### Your assignment
Return the listing in full and exactly, but without a single picture.
** Records to process follows **
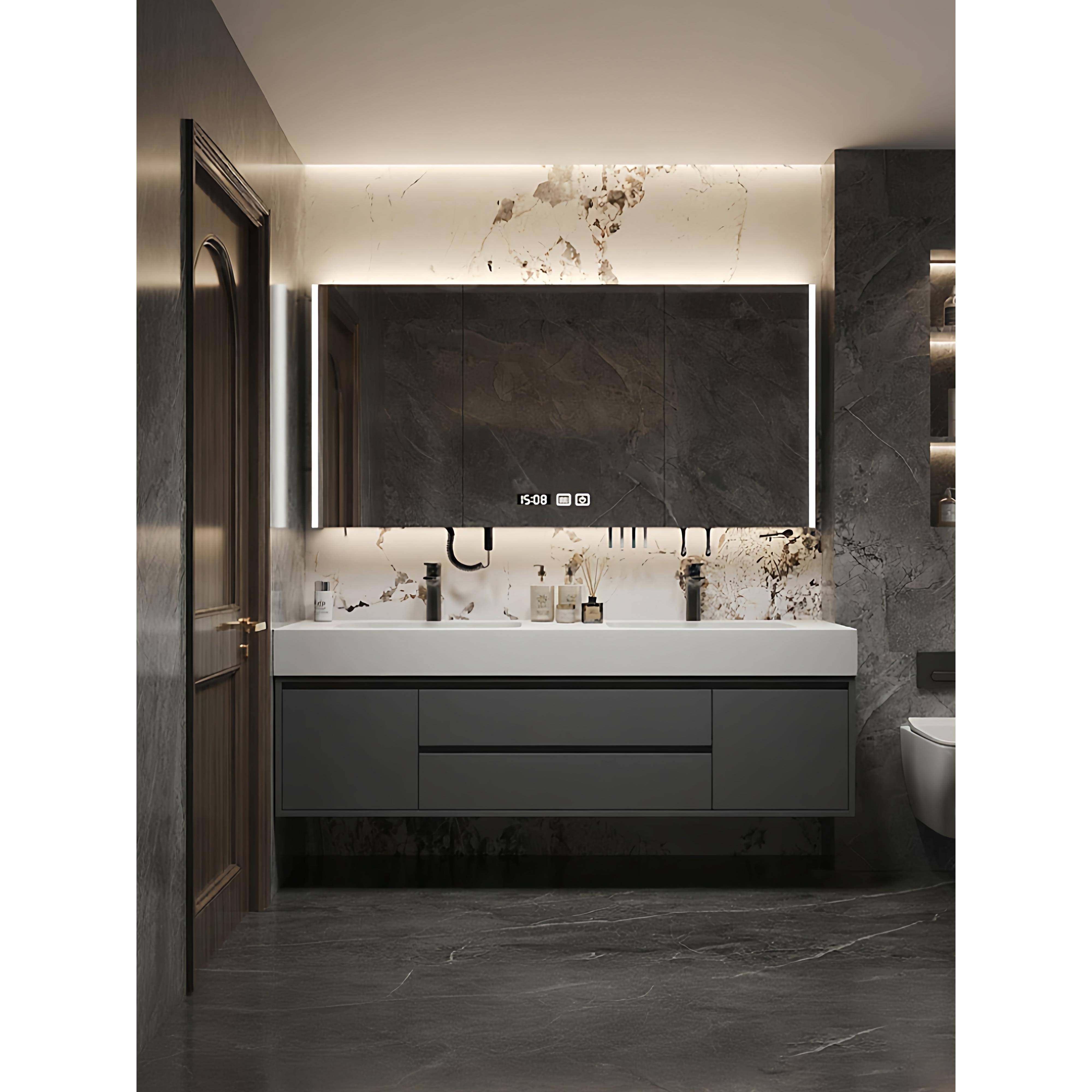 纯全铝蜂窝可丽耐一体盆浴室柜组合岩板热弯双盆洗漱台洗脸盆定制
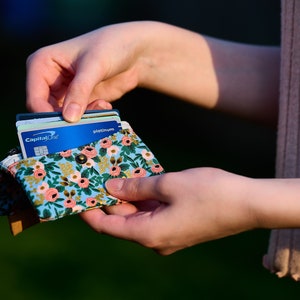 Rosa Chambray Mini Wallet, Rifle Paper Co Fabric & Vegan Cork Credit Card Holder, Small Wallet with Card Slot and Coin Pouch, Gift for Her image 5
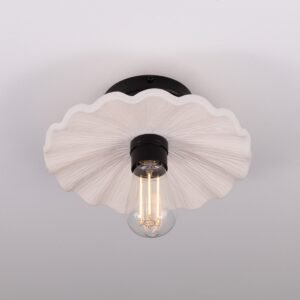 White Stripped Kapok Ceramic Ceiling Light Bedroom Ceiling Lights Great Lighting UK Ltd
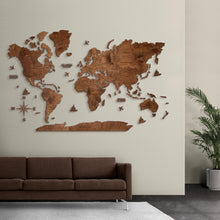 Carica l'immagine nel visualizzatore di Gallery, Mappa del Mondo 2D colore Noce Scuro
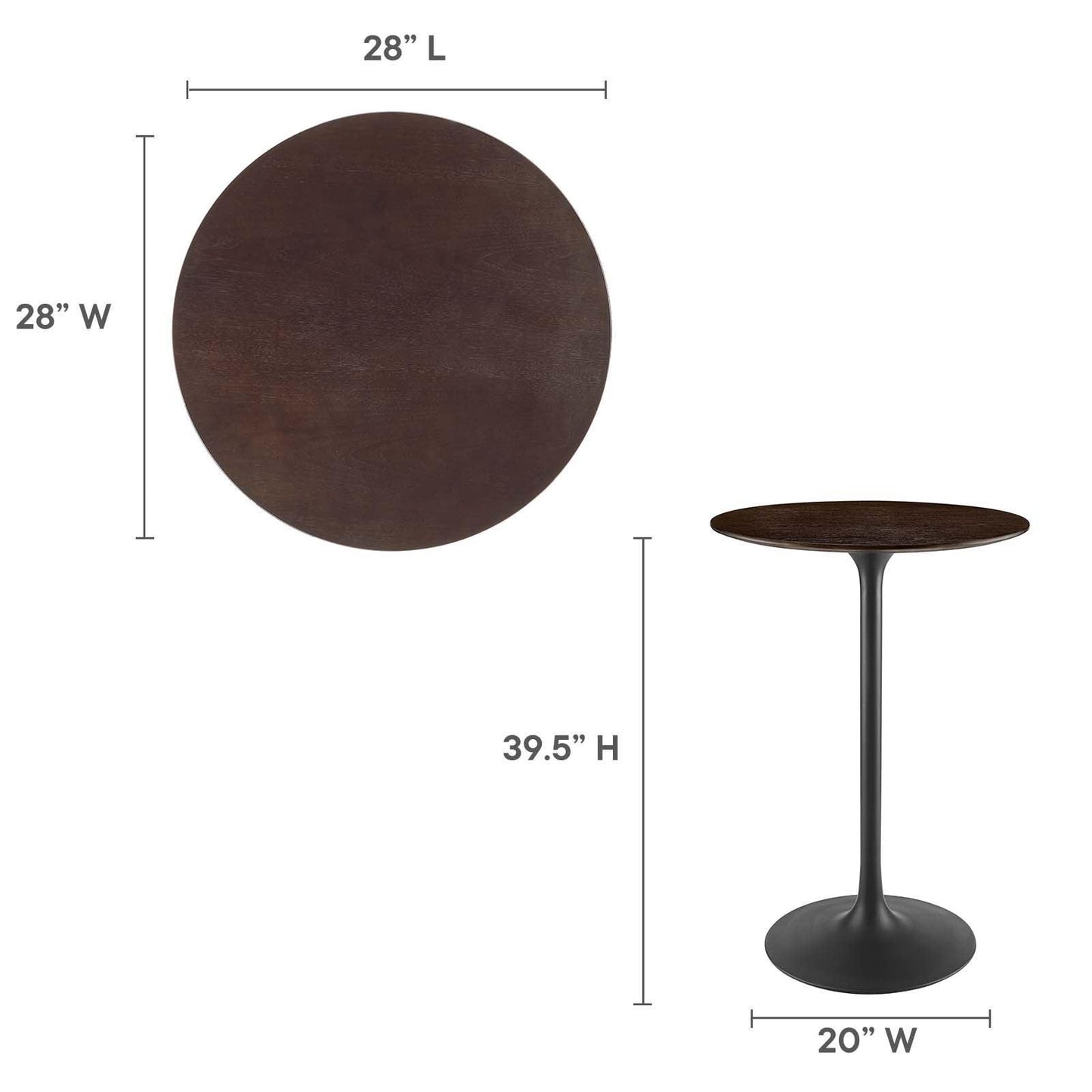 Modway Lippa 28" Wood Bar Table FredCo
** End of Records to process **
### Answer area
 纯全铝蜂窝可丽耐一体盆浴室柜组合岩板热弯双盆洗漱台洗脸盆定制
 Rosa Chambray Mini Wallet, Rifle Paper Co Fabric & Vegan Cork Credit Card Holder, Small Wallet with Card Slot and Coin Pouch, Gift for Her image 5
 White Stripped Kapok Ceramic Ceiling Light Bedroom Ceiling Lights Great Lighting UK Ltd
 Carica l'immagine nel visualizzatore di Gallery, Mappa del Mondo 2D colore Noce Scuro
 Modway Lippa 28" Wood Bar Table FredCo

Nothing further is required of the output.